The Gerrymander Case: Who Speaks for the Country?
On June 18, the U.S. Supreme Court decided the “gerrymander” case. In Gill v. Whitford, 2018 U.S. LEXIS 3692, 138 S. Ct. 1916, 2018 WL 3013807, Democratic Party members claimed that their rights were violated because there was a gap between the percentage of votes the Party secured in statewide elections and the number of legislators it was able to elect.
The disparity was attributed to the work of partisans who drew district lines custom made to maintain Republican control of the legislature. The Republican governor and both houses of the legislature approved the plan. The plaintiffs asserted that:
“… their constitutional rights to equal protection and freedom of association were violated because of the disparity between the vote totals of the two parties in statewide elections and the number of legislators elected by each party.
“Plaintiffs claimed that their capacity to win a majority in the state legislature was unconstitutionally diminished relative to their Republican rivals.”
IVN News, “Gerrymandering: Two Bullies vs. The Voters,” January 15, 2018
In a unanimous decision, the court dismissed the case for lack of standing. Chief Justice Roberts wrote the decision, noting that the situation of each plaintiff legally speaking turned on the makeup of the district where they resided, not the political make-up of the legislature:
“That shortcoming confirms the fundamental problem with the plaintiffs’ case as presented on this record. It is a case about group political interests, not individual legal rights. But this Court is not responsible for vindicating generalized partisan preferences. The Court’s constitutionally prescribed role is to vindicate the individual rights of the people appearing before it.” (Gill, p. 37)
Justice Roberts identified not only the weakness of the lawsuit, but the underlying problem affecting our politics and government. Just as in the lawsuit where party interest sought to subordinate individual interests, in Congress and state governments party interest subordinates national and state interests.
Roberts recognized that the Supreme Court cannot become an instrument of partisan maneuvering. The Constitution is about the rights of Americans, not the rights of Democrats and Republicans.
Whether the Supreme Court can maintain that orientation is not guaranteed. With the retirement of Justice Anthony Kennedy, Congress is faced with approving his successor on the Supreme Court.
As President, Trump has the right to nominate a candidate and his choice is Brett Kavanaugh, who served in the Bush administration before being appointed to the U.S. Court of Appeals for the District of Columbia Circuit. But it is up to the Senate to confirm.
Unfortunately, Justice Roberts’ admonition notwithstanding, the nominating and confirmation process is shaping up to be a partisan battle royal.

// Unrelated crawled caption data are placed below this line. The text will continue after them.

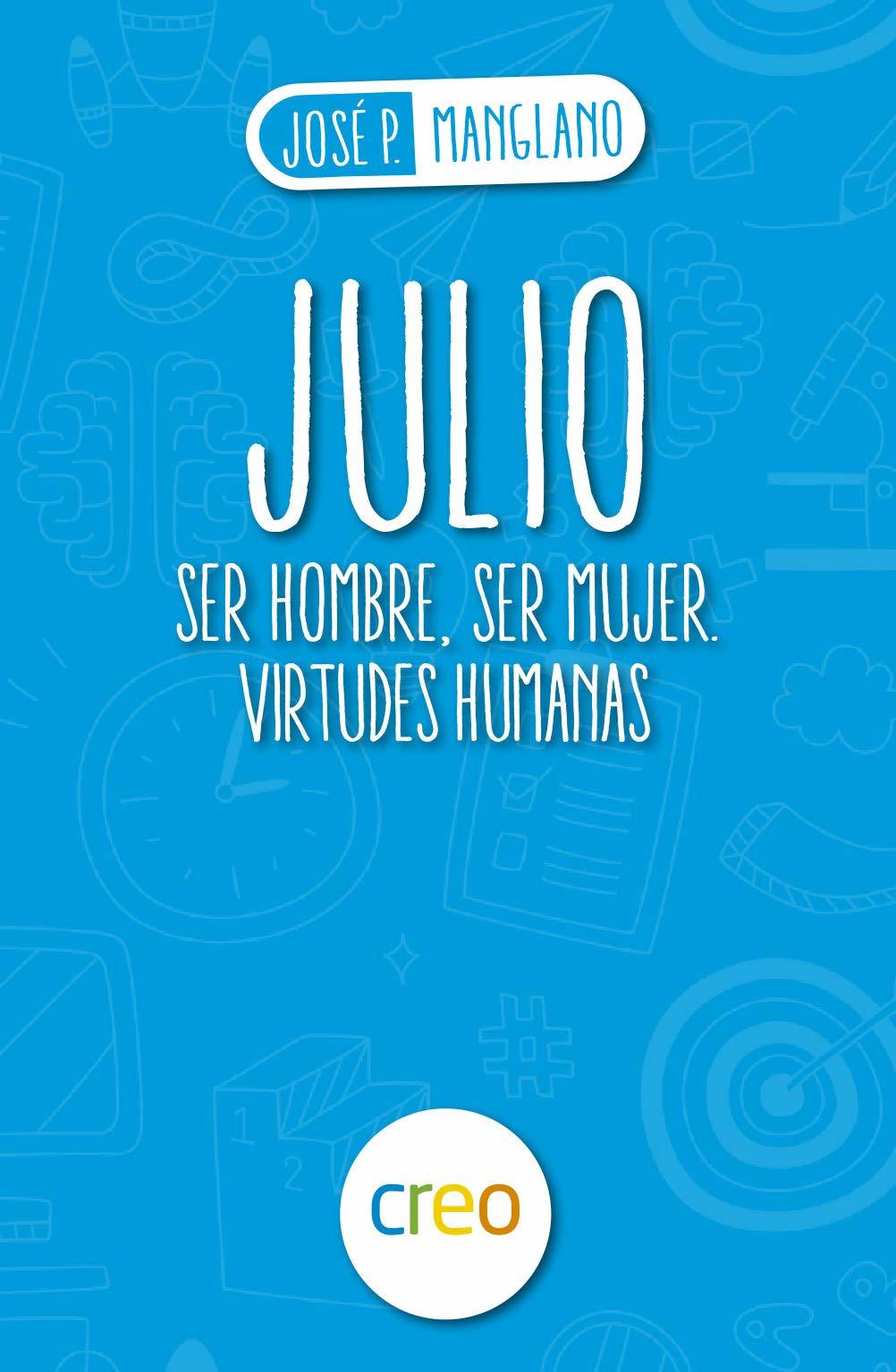 Julio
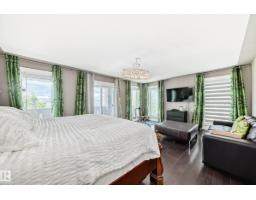 11024 179 Av Nw, Edmonton, AB T5X6J3 Photo 25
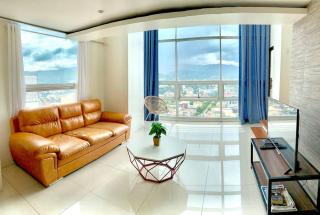 Spacious and Cozy 2-BR in City - Cebú - 0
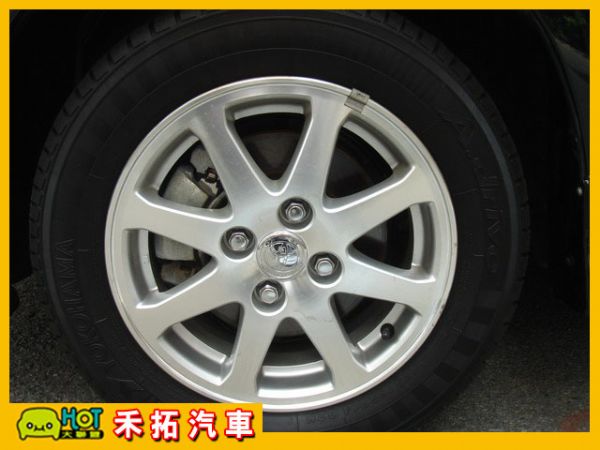 HOT聯盟認證車☆唯一法院公證  詳情見 照片6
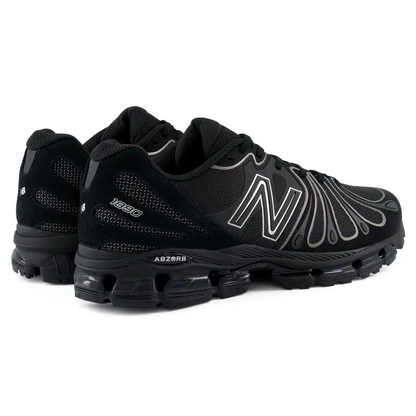 New Balance U189093H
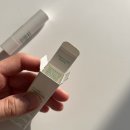 립밤 추천 이니스프리 유채꿀 립 밤 초보습 구매 사용 후기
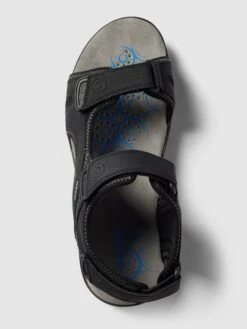 Geox Sandalen Mit Label-Details Modell 'SPHERICA' - Schwarz -Guesi Bekleidung Geschaft 74o30gq3699j6kq59l44ol246h84kiqh6p1j6ja2al8l0dqial5kiiifad3ksc269grlcd1m6cokqh1o8d3jcc1mcks62or374qmcphk61j38e1ic4p3ap34cdgm6d31ckr32p8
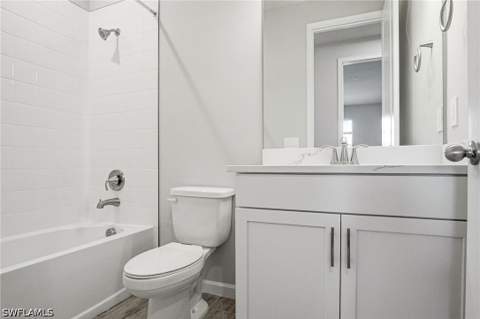 4646 Arboretum Cir 201, Naples FL - photo 19 of 31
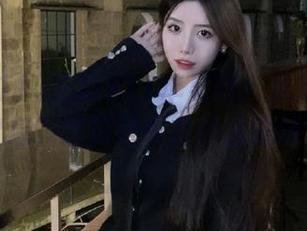 吃瓜911苹果版：水深得让人窒息，这瓜到底是什么滋味？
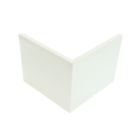Tocc130wh Panduit Outside Corner Cover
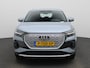 Audi Q4 e-tron 35 Launch edition Advanced 55 kWh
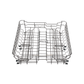 12976000015092 Euromaid, Technika Dishwasher Upper Rack - 672000800345
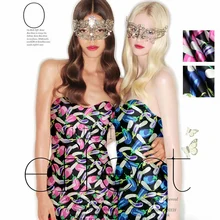 Цвет Баклажан печать шелковая ткань мягкое платье шелковая атласная ткань на заказ Модная ткань 100 шелковая ткань шелковая ткань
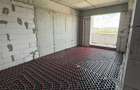 Apartament 4 camere super pret STB 5 minute parcare gratuita Pallady - 14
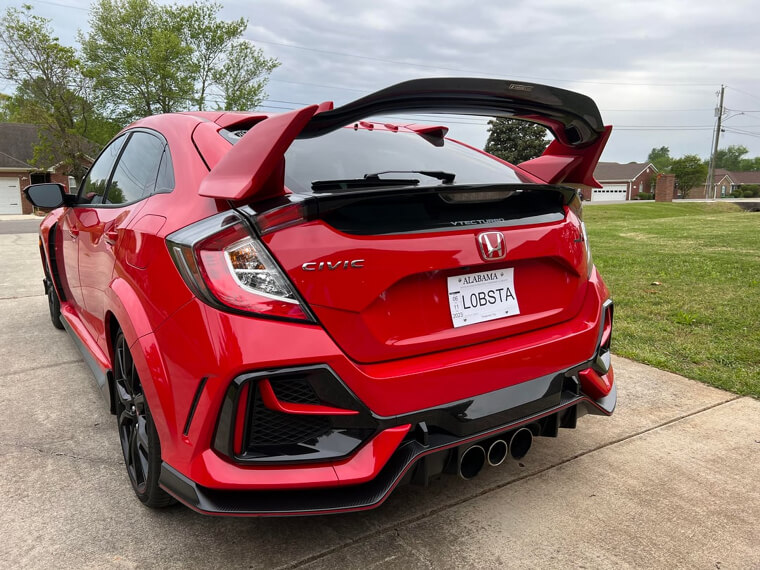 Use Multiple Online Comparison Tools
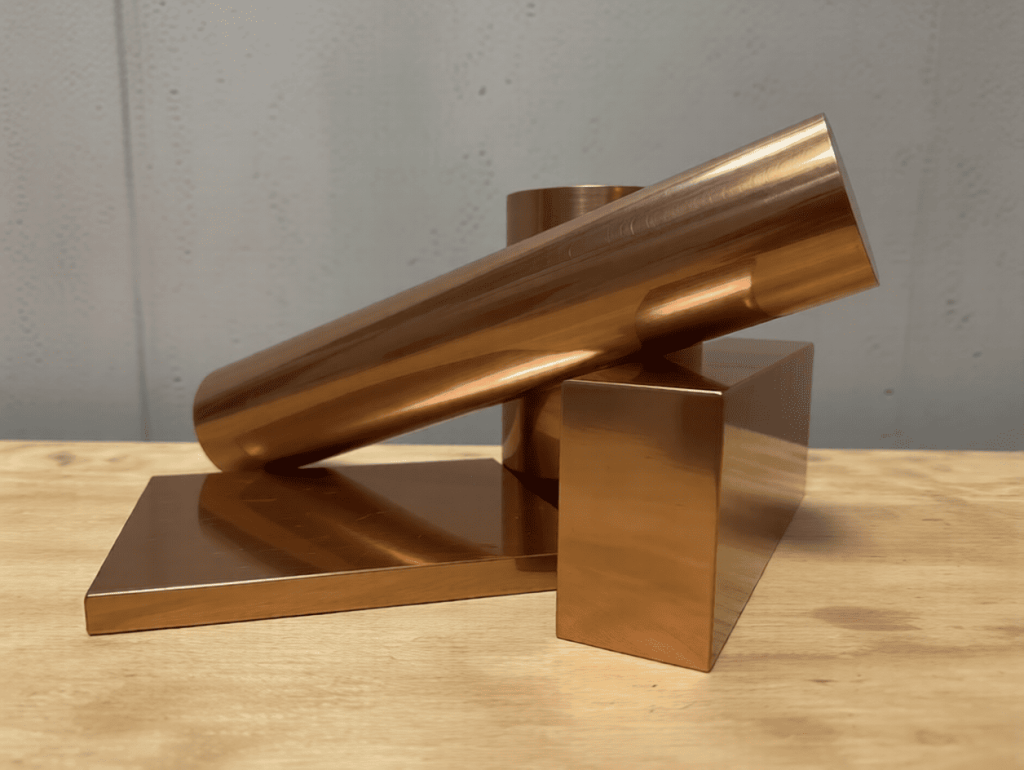 ConceptMetal-IMG_7901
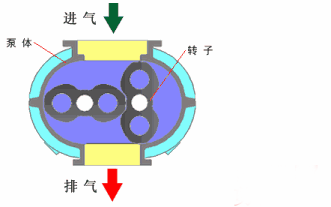 澳门新京葡平台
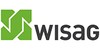 WISAG Catering Hornschuchhöhe Betriebsgesellschaft mbH & Co. KG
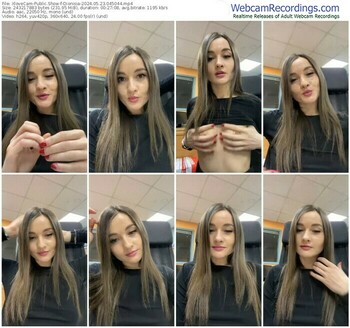 xlovecam-dionisia-05-23-2024-04-50-44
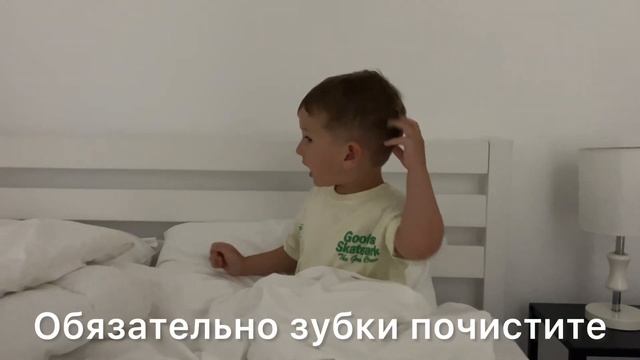 ВЛОГ.ОТПУСК В КАЛИНИНГРАДЕ.КУРШСКАЯ КОСА.ПОСЁЛОК МОРСКОЕ смотреть онлайн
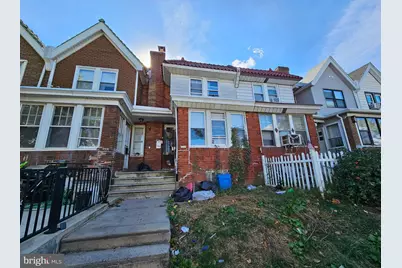 588 E Godfrey Avenue, Philadelphia, PA 19120 - Photo 1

The newspapers have been full of discussion about how the Republicans hope to secure a conservative majority for decades by replacing Kennedy (often the swing vote siding sometimes with the court’s liberals and sometimes with its conservatives) with a young conservative. There is even talk among Democrats of increasing the size of the court so that, if they take back control of Congress and the White House, the Democrats can undo the “damage.” (John Podhoretz, NY Post, 7/5) At the height of the New Deal, President Roosevelt tried to do that after the Supreme Court struck down some of his legislative package.
The Democrats are mobilizing their base (with a view no doubt to the upcoming congressional elections) with dire -- and exaggerated -- warnings that the right to an abortion is at stake. Roosevelt lost the “court packing” fight. The country and his legislative agenda survived.
Who speaks for the country now? Of the three branches of government, the Supreme Court comes closest to having a lens that is not entirely determined by the parties. Let’s hope that Kavanaugh, whatever partisan reasons gave rise to his nomination, can follow Justice Roberts’ example, and the example of such giants as Earl Warren.
Warren, the Republican governor of California, was nominated to the court by President Eisenhower and served as Chief Justice from 1953 to 1969. The “Warren Court” held that segregation of public schools was unconstitutional and greatly expanded the rights of criminal defendants.
Ultimately, the American people will have to act to break the stranglehold of party on our body politic. In the meantime, let’s hope the Supreme Court continues to look beyond the partisan brawls.